Power factor above 0.9 is simply illusional with passive filter. The circuit doesn't show the load, so a power factor can't be determined. It also has drawing errors, shorted rectifier output.
I presume the controller is BP3309? **broken link removed**
Unfortunately the datasheet has no detail information about chip operation or expectable power factor with specific load. I would look at input current and other waveforms and try to optimize the switcher operation.
If the control IC is operating properly, then you should have decent PF regardless of the input filter. Without having details on the controller's operation, we can't really say for sure. It might just be that the loop compensation is poor, leading to bad THD.
Clarifies that you should distinguish distortion and reactive power factor. Your filter can slightly reduce higher harmonics but also add reactive current if not compensated properly. As already explained, the PFC chip is expected to work without additional filters besides the input capacitor.

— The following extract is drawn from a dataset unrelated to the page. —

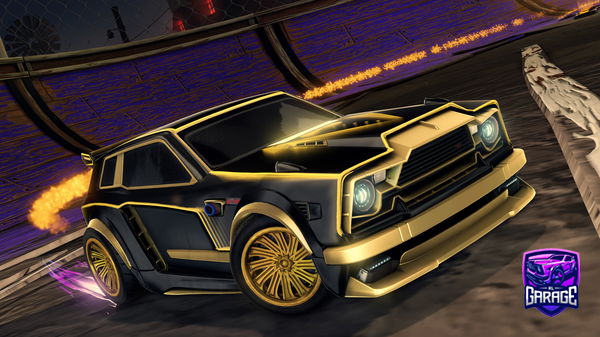 A Rocket League car design from 1MahdaWi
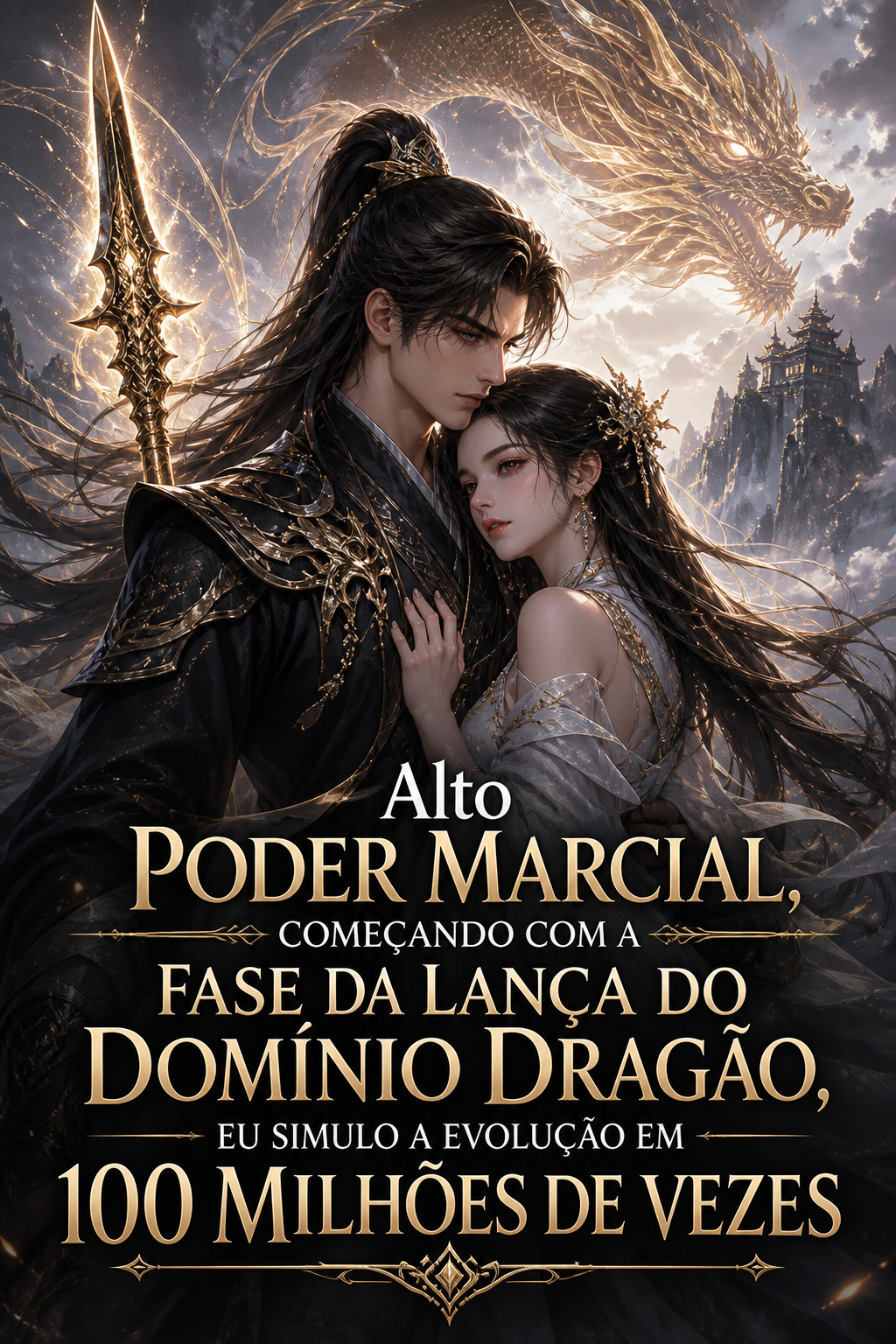 Alto Poder Marcial, Começando com a Fase da Lança do Domínio Dragão, Eu Simulo a Evolução em 100 Milhões de Vezes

You need to find out how much the power factor is affected by harmonics and phase shift. Harmonics are dominated by the control IC's operation, phase shift will be affected by both the active PFC and passive filter parts.
In theory it's possible to build passive filters that yield good PF on very nonlinear loads, but in practice this is completely infeasible, hence why active PFC techniques exist. You should check that the active PFC is working before trying to "fix" the filter.